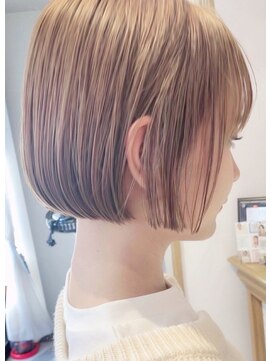 シー バイ ロンド 新宿(Sea by Lond) 韓国ボブ/韓国ショート/新宿/髪質改善/デザインカラー/レイヤー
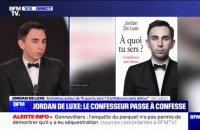 Jordan De Luxe: "Je gagne à peu près 4.700 euros net par mois avec mon émission, je n'ai pas de prime"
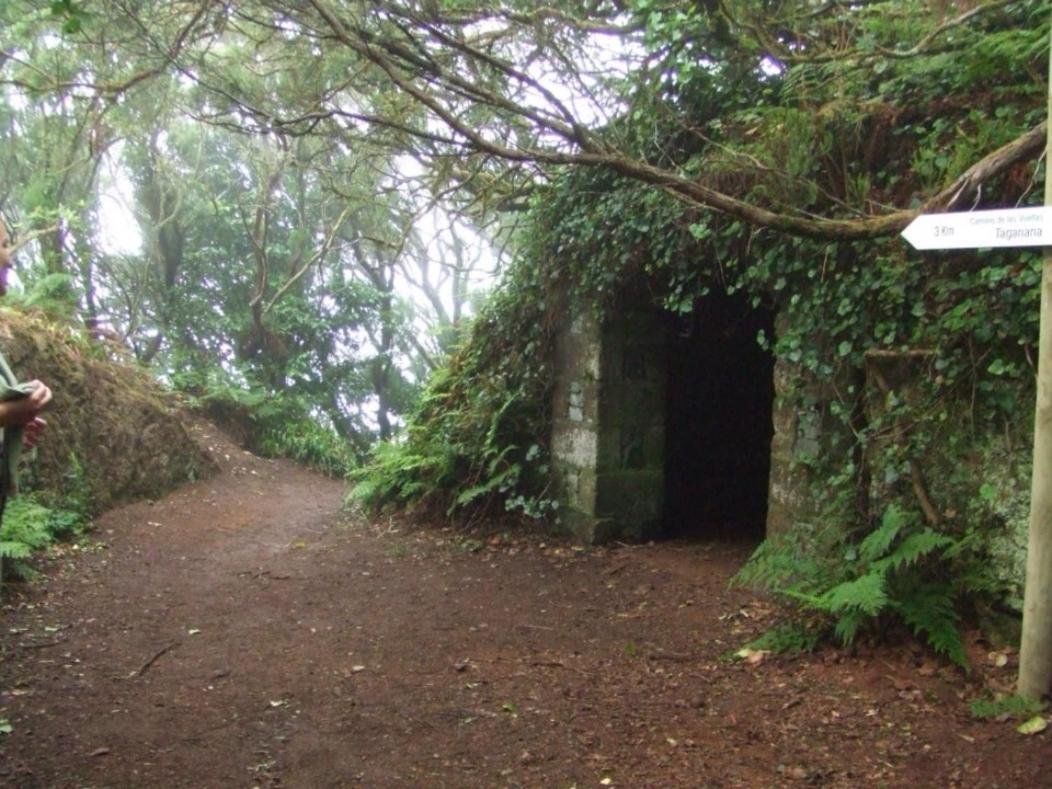 Casa Del Cu Bano A- Biosphere Reserve Taganana Dış mekan fotoğraf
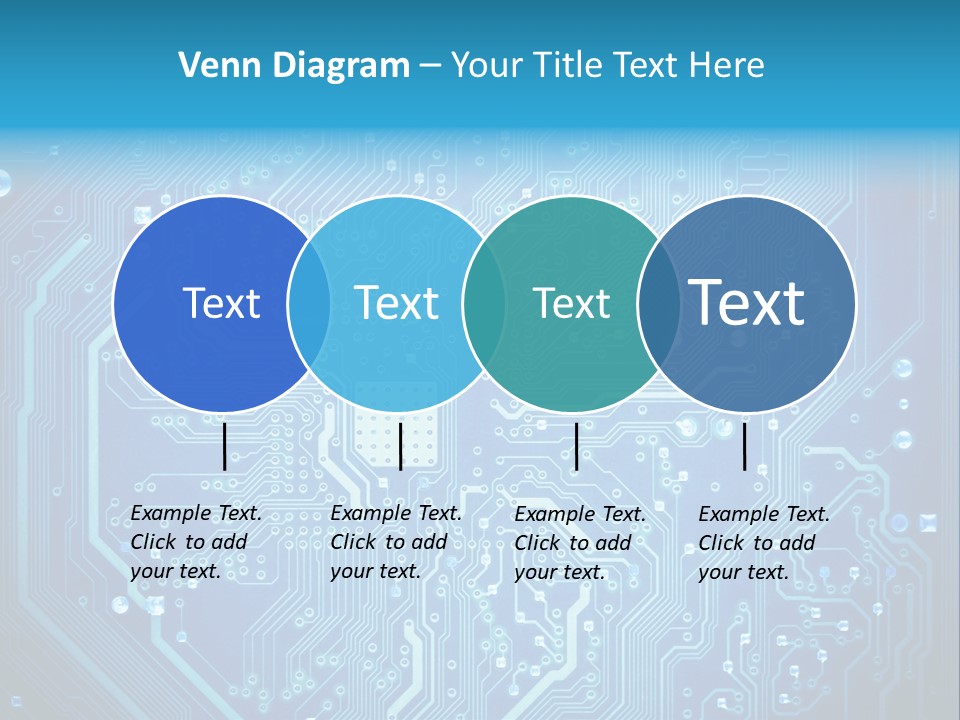 Connect Device Weld PowerPoint Template
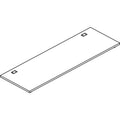 HON Manage Series Worksurface, 72" x 23.5" x 1", Wheat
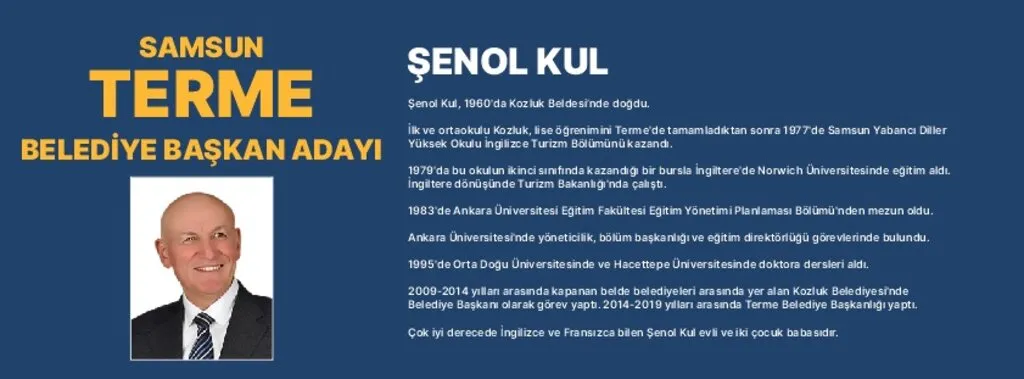 İşte AK Parti Samsun İlçe Belediye Başkan Adaylarının Özgeçmişi - Resim 7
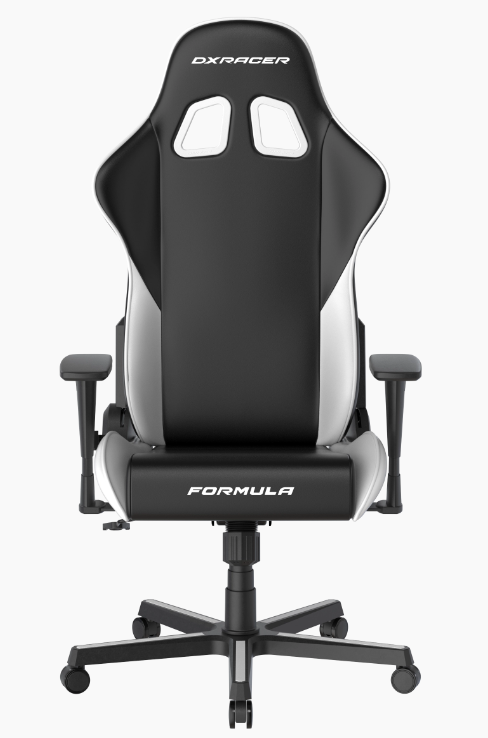 Игровое кресло DXRacer Formula R-Neo Leatherette L GC/LFR23LTA/NW Black White
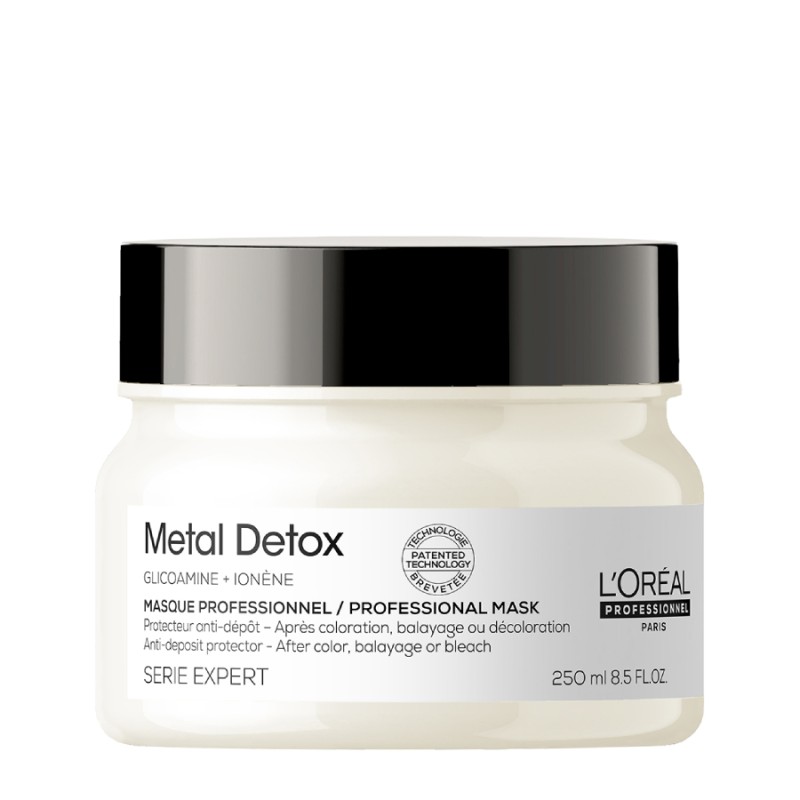 Metal Detox - Маска за предпазване цвета на боядисаната коса - 250ml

◆ ◆ ◆ ◆

**Your instructions**.
The lines from the start of the data through the line that contains "İşte AK Parti" are to be returned exactly, please, with both ends included and every picture left out.

**Expected answer**.
 シー バイ ロンド 新宿(Sea by Lond) 韓国ボブ/韓国ショート/新宿/髪質改善/デザインカラー/レイヤー
 Jordan De Luxe: "Je gagne à peu près 4.700 euros net par mois avec mon émission, je n'ai pas de prime"
 Casa Del Cu Bano A- Biosphere Reserve Taganana Dış mekan fotoğraf
 Connect Device Weld PowerPoint Template
 HON Manage Series Worksurface, 72" x 23.5" x 1", Wheat
 İşte AK Parti Samsun İlçe Belediye Başkan Adaylarının Özgeçmişi - Resim 7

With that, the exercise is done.